▶ [Task to carry out] Because the images are not wanted, restate every line below word for word without them.

▶ [Study material]
•••

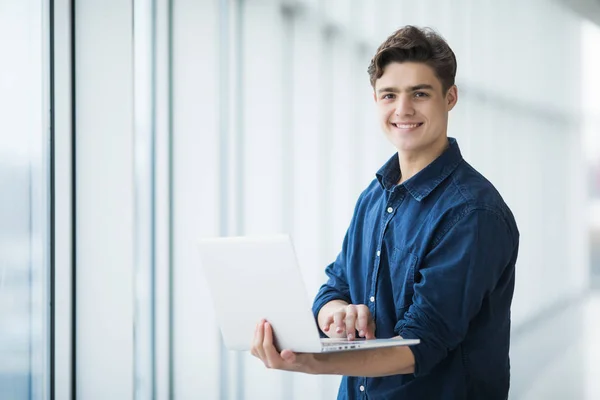 Hombre joven guapo sosteniendo una computadora portátil en el pasillo —  Fotos de Stock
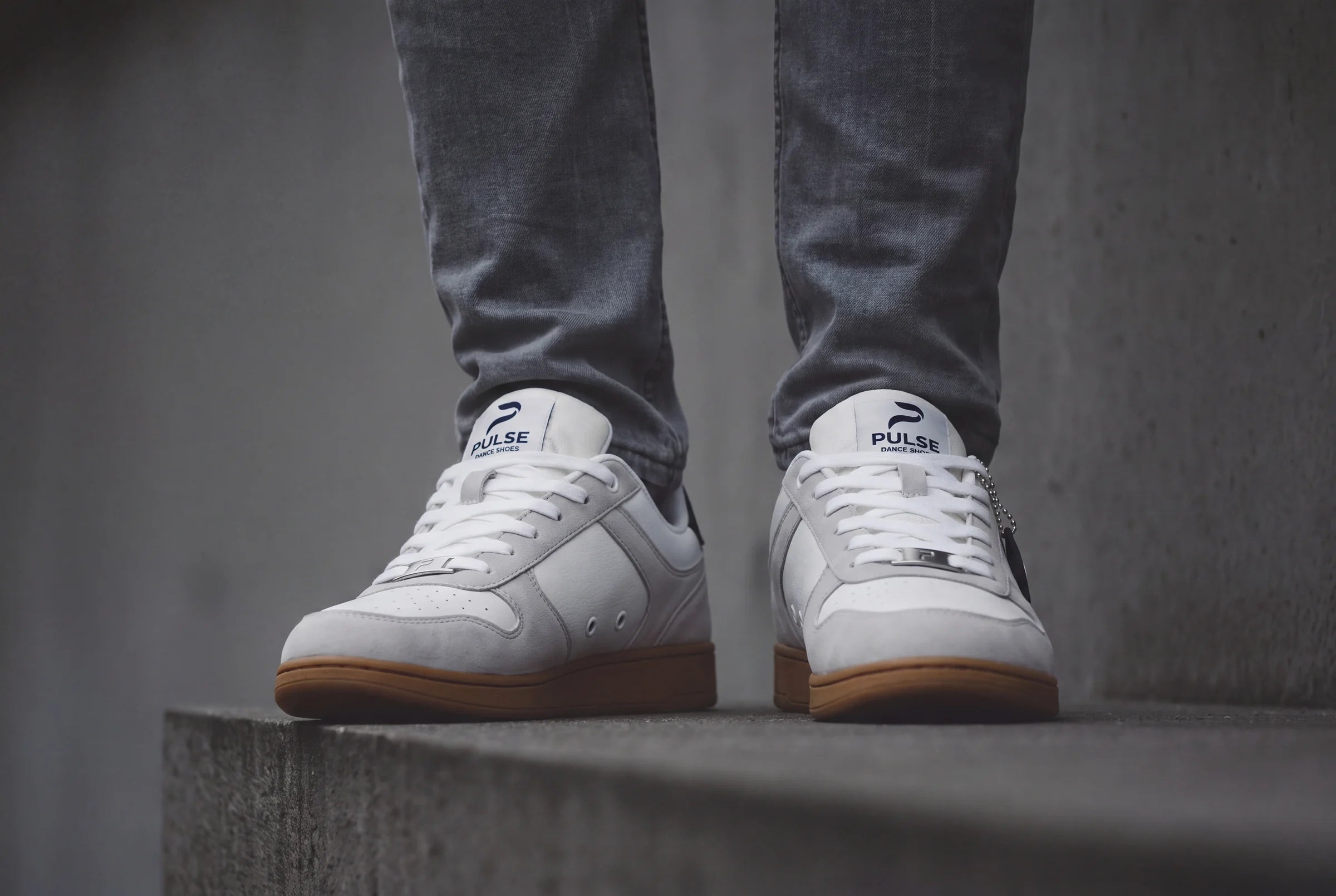 Feet in white dance sneakers with tan PU soles and grey jeans, standing on a concrete ledge
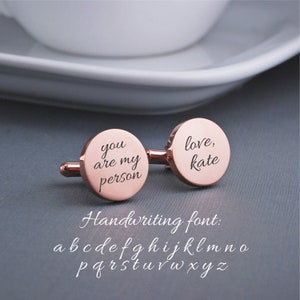 round rose gold cufflinks showing message in a font you are my person on one and love, kate on the other.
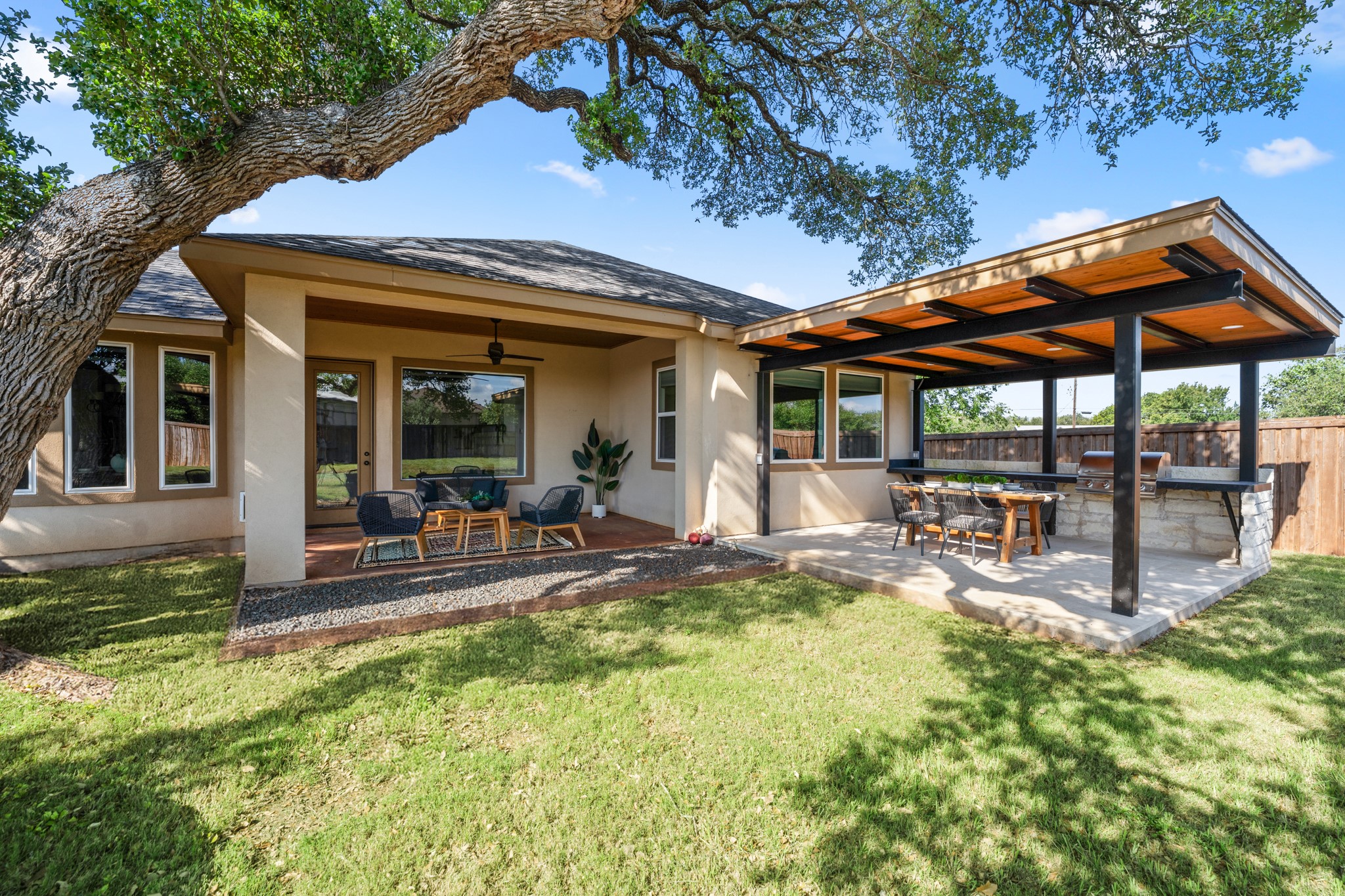 128 Hiram Cook Blanco, TX 78606 - Photo 31 of 40 Expansive backyard featuring a covered patio, separate outdoor kitchen area with stone base and wood-paneled ceiling, manicured lawn, and mature tree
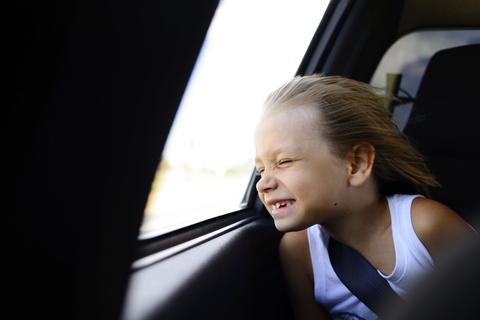 Mädchen genießt den Wind, während sie im Auto am Fenster sitzt, lizenzfreies Stockfoto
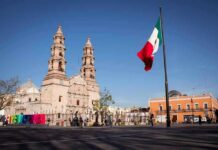 Washington Freezes Assets – Mexico Fires Back Mexican flag waving in a plaza with a historic cathedral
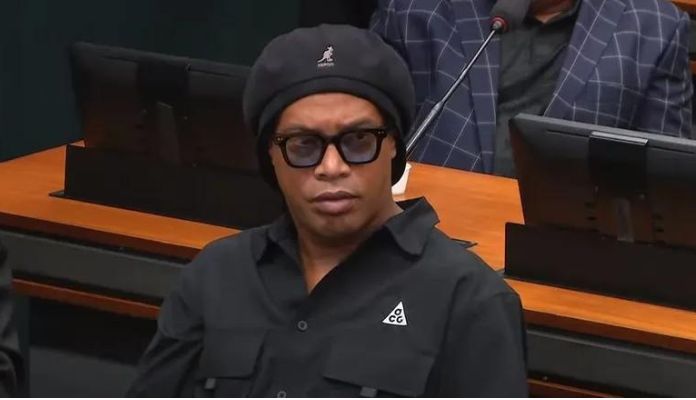 Ronaldinho Gaúcho de boina e camisa preta e óculos escuros na Câmara dos Deputados durante sessão da CPI das Pirâmides Financeiras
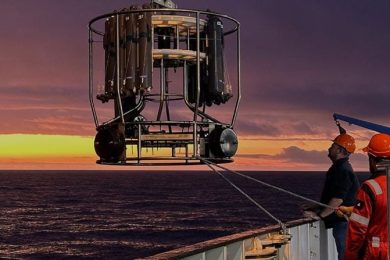 Workers on the RRS Discovery Lower a Sensing Instrument Into the Southern Atlantic Ocean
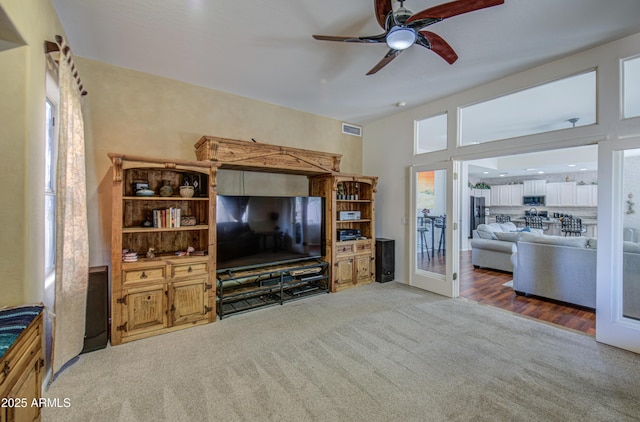 living area featuring carpet floors, a ceiling fan, and visible vents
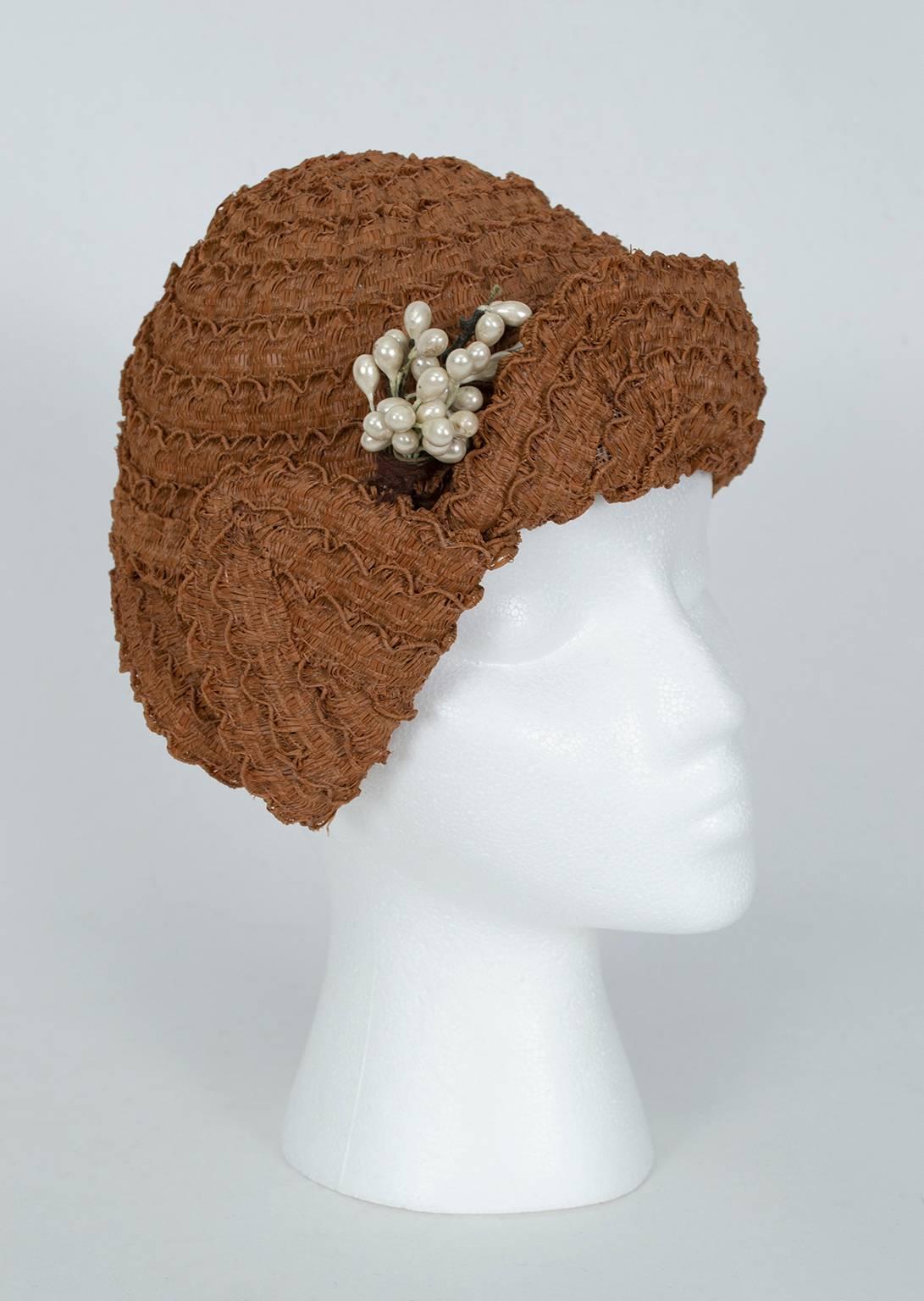 No ordinary cloche, this hat's charm lay in its asymmetrical geometry, which covers the right ear but exposes the left. A perfect foil for the angular drop waist dresses of the Jazz Age.

Scalloped straw cloche with upturned front brim and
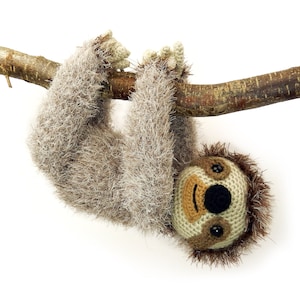 May include: A crocheted sloth hanging upside down from a branch. The sloth has a brown and beige fur, black eyes, and a brown nose.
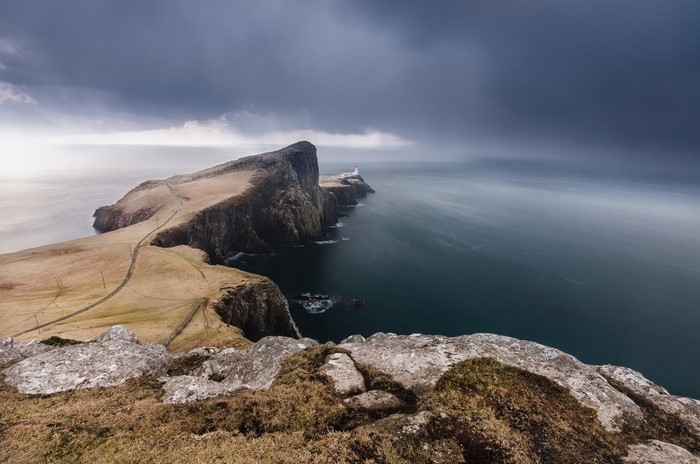 Neist Point Lighthouse, Scotland, with dramatic stormy skies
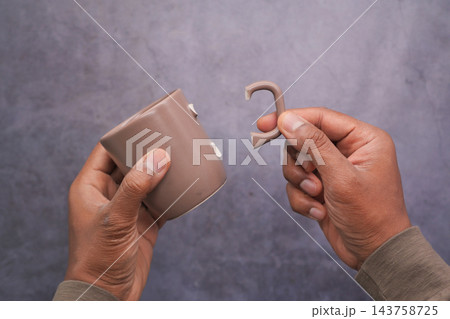 Hands hold a broken brown mug and its detached handle 143758725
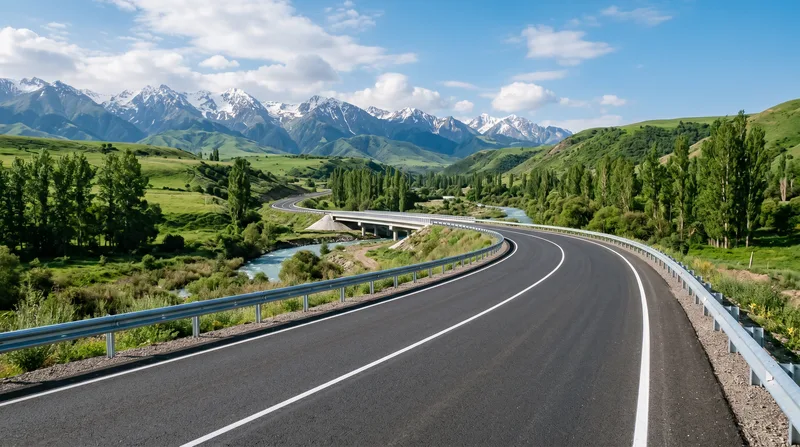Newly surfaced highway curving through a green mountain valley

•••

▶ [Solution for this problem]
 Hombre joven guapo sosteniendo una computadora portátil en el pasillo —  Fotos de Stock
 Feet in white dance sneakers with tan PU soles and grey jeans, standing on a concrete ledge
 round rose gold cufflinks showing message in a font you are my person on one and love, kate on the other.
 128 Hiram Cook Blanco, TX 78606 - Photo 31 of 40 Expansive backyard featuring a covered patio, separate outdoor kitchen area with stone base and wood-paneled ceiling, manicured lawn, and mature tree
 Mädchen genießt den Wind, während sie im Auto am Fenster sitzt, lizenzfreies Stockfoto
 Washington Freezes Assets – Mexico Fires Back Mexican flag waving in a plaza with a historic cathedral
 Ronaldinho Gaúcho de boina e camisa preta e óculos escuros na Câmara dos Deputados durante sessão da CPI das Pirâmides Financeiras
 Workers on the RRS Discovery Lower a Sensing Instrument Into the Southern Atlantic Ocean
 living area featuring carpet floors, a ceiling fan, and visible vents
 No ordinary cloche, this hat's charm lay in its asymmetrical geometry, which covers the right ear but exposes the left. A perfect foil for the angular drop waist dresses of the Jazz Age.

Scalloped straw cloche with upturned front brim and
 May include: A crocheted sloth hanging upside down from a branch. The sloth has a brown and beige fur, black eyes, and a brown nose.
 Neist Point Lighthouse, Scotland, with dramatic stormy skies
 Hands hold a broken brown mug and its detached handle 143758725
Newly surfaced highway curving through a green mountain valley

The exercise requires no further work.